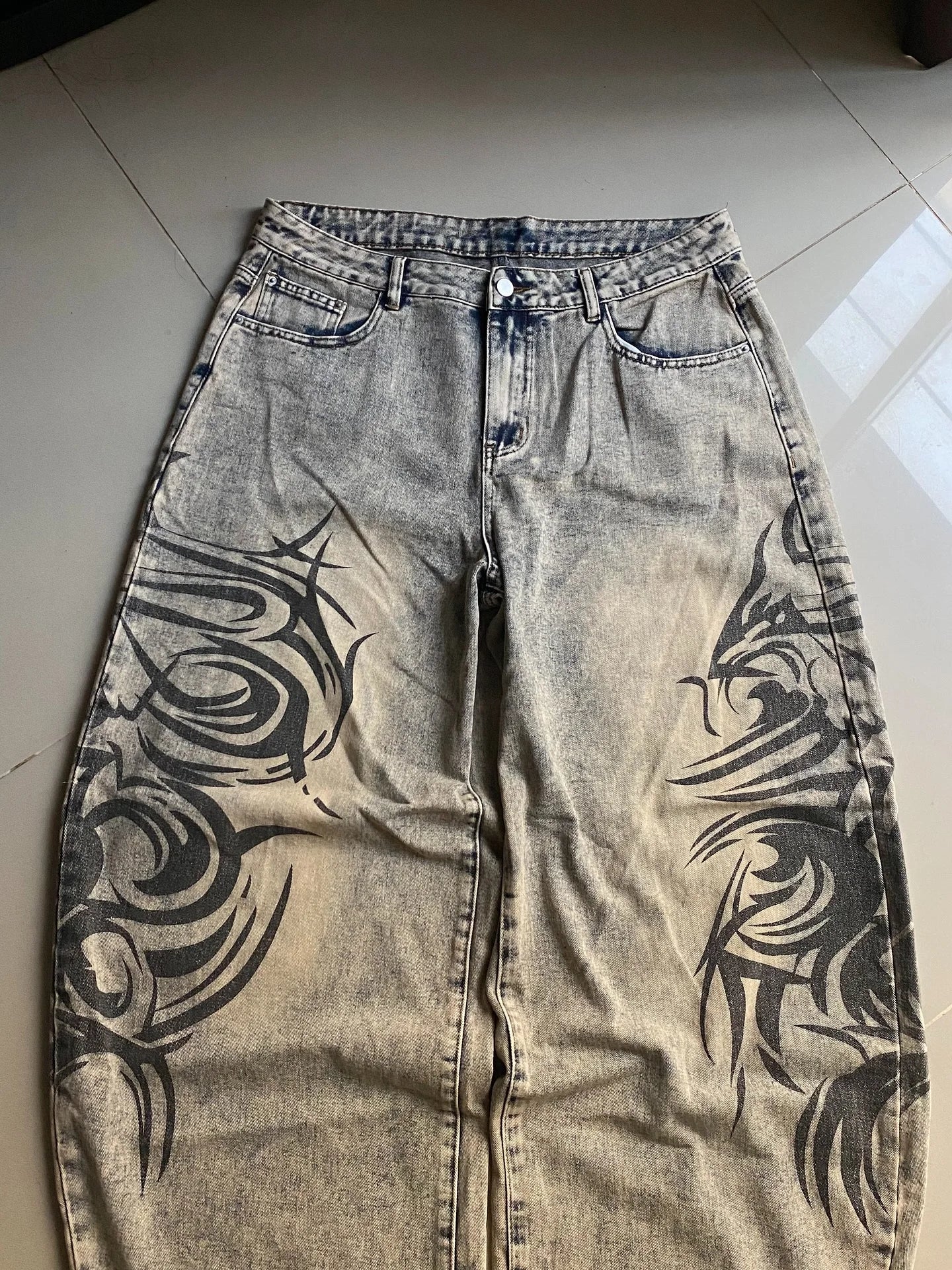 American Y2K New Grey Printing Baggy Jeans Men Women High Street Vintage Hip Hop Harajuku Casual Joker Couple Wide-leg Pants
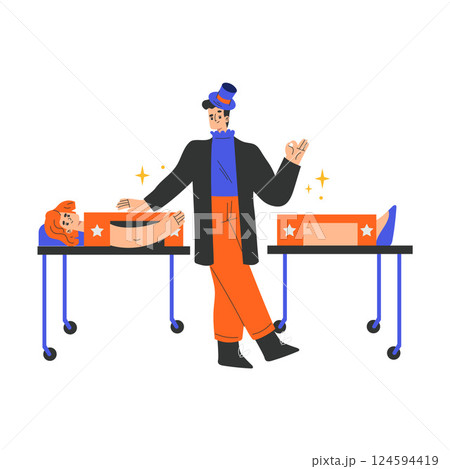 Circus Man Magician Artist and Actor Character Saw Woman Performing on Stage Vector Illustration 124594419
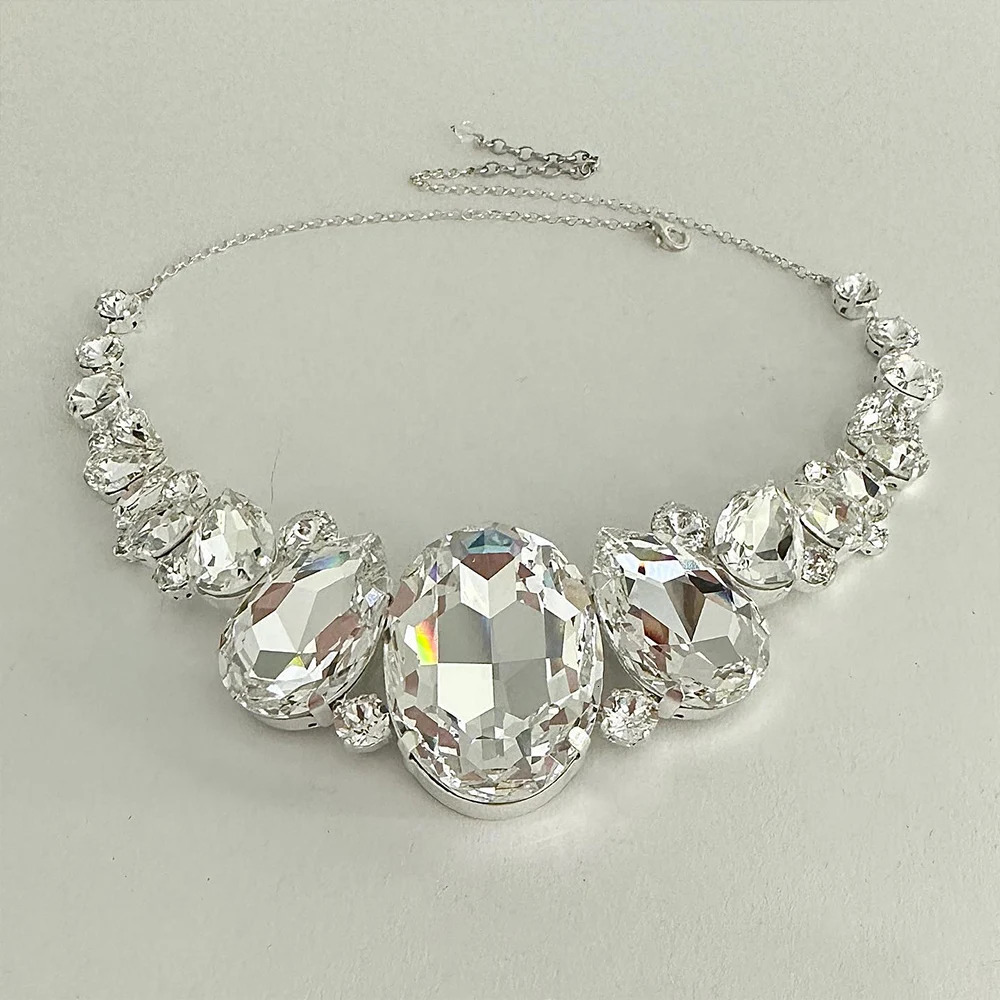Stonefans Sparkly Geometric Choker Chain Necklace High Quality Banquet Fashion Rhinestone Collar Chain for Women Party 250716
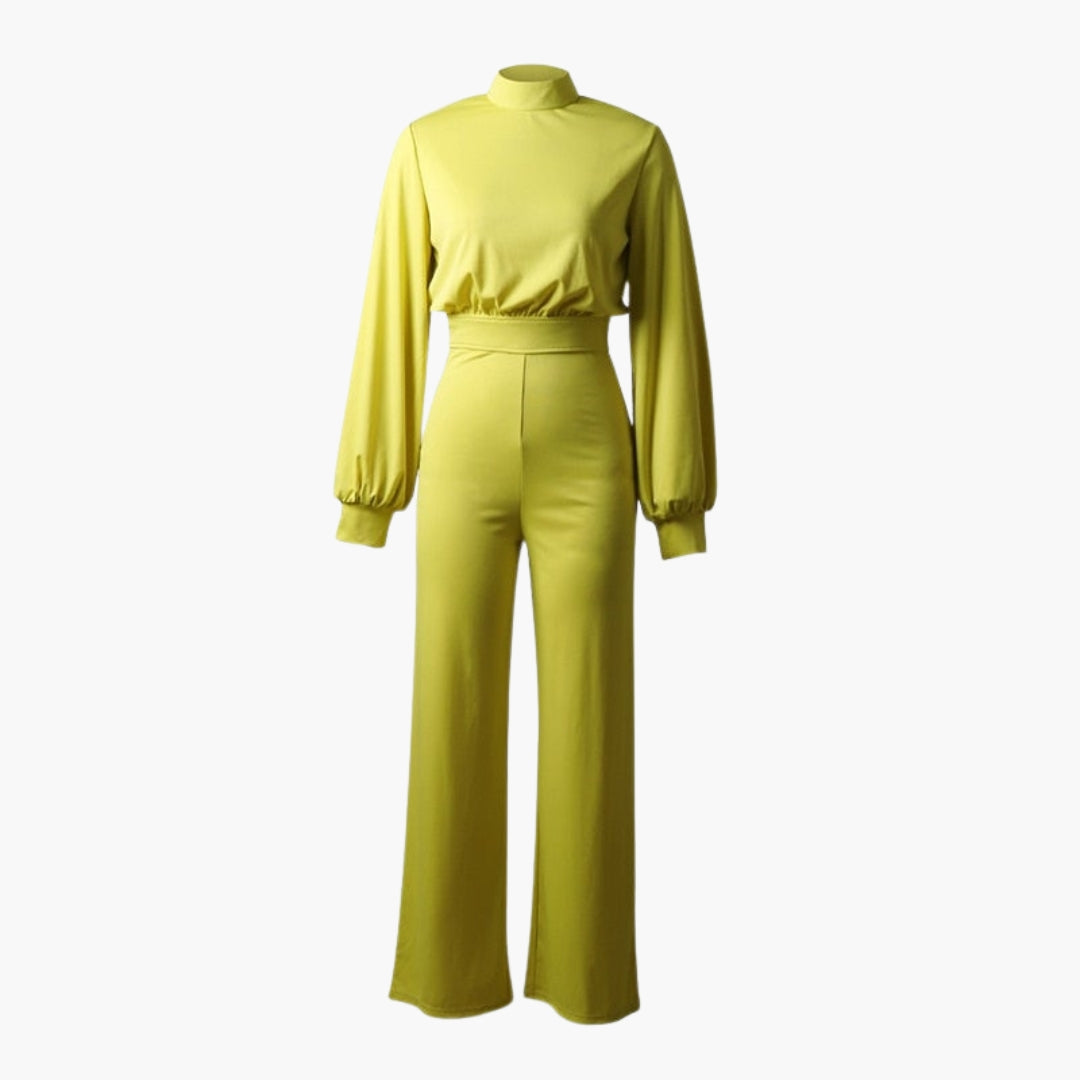 Tuta donna con collo alto e maniche lunghe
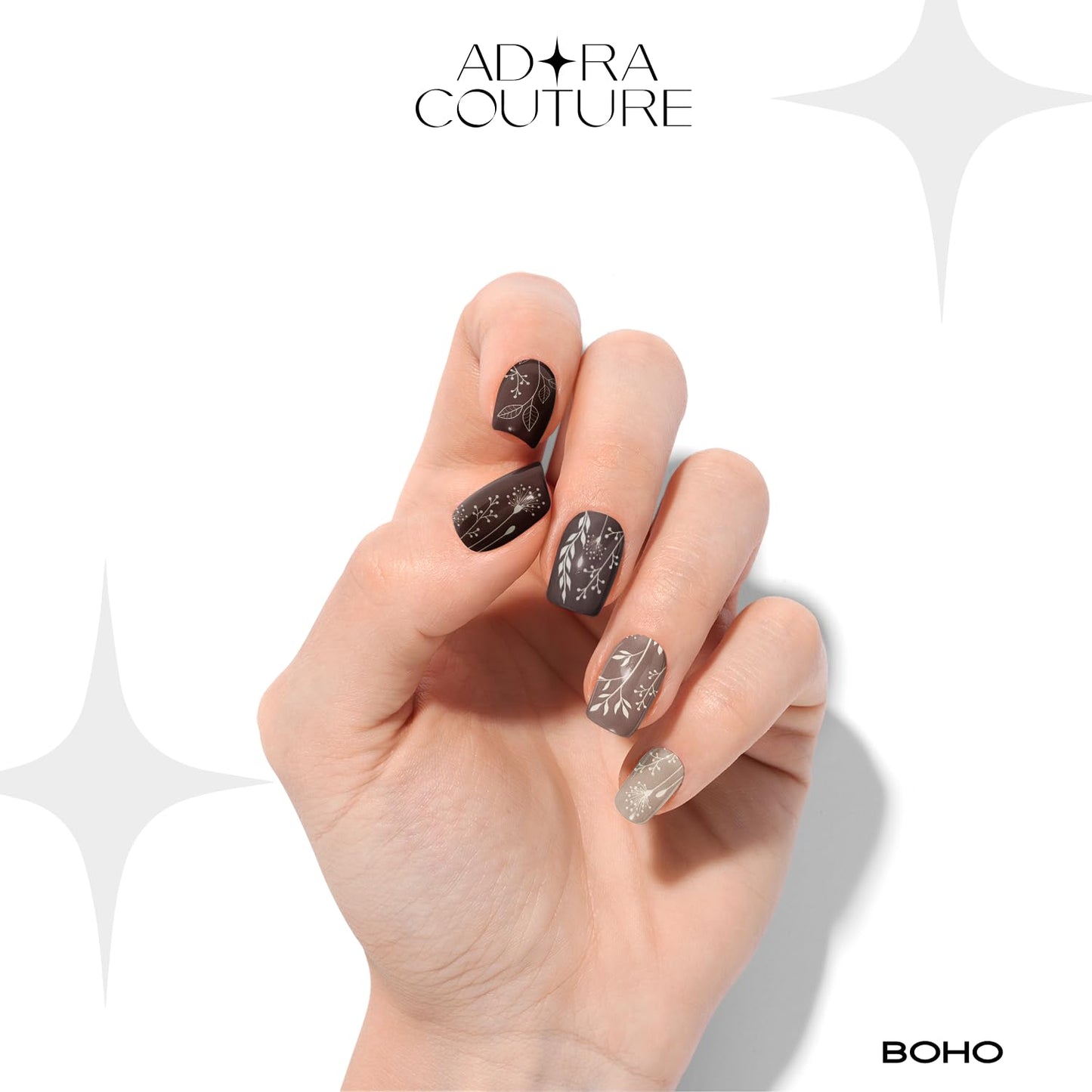 Adora Couture Semi Cured Gel Nail Strips with 30 Pieces - Salon Quality Manicure Kit for Women Easy Application Wraps Includes Prep Pads Nail File Wooden Stick, UV Light Required (Brown Boho)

- - - -

:: What is expected ::
Print the listing exactly, pictures excluded.

:: Response below ::
 American Y2K New Grey Printing Baggy Jeans Men Women High Street Vintage Hip Hop Harajuku Casual Joker Couple Wide-leg Pants
 Circus Man Magician Artist and Actor Character Saw Woman Performing on Stage Vector Illustration 124594419
Stonefans Sparkly Geometric Choker Chain Necklace High Quality Banquet Fashion Rhinestone Collar Chain for Women Party 250716
 Tuta donna con collo alto e maniche lunghe
 Adora Couture Semi Cured Gel Nail Strips with 30 Pieces - Salon Quality Manicure Kit for Women Easy Application Wraps Includes Prep Pads Nail File Wooden Stick, UV Light Required (Brown Boho)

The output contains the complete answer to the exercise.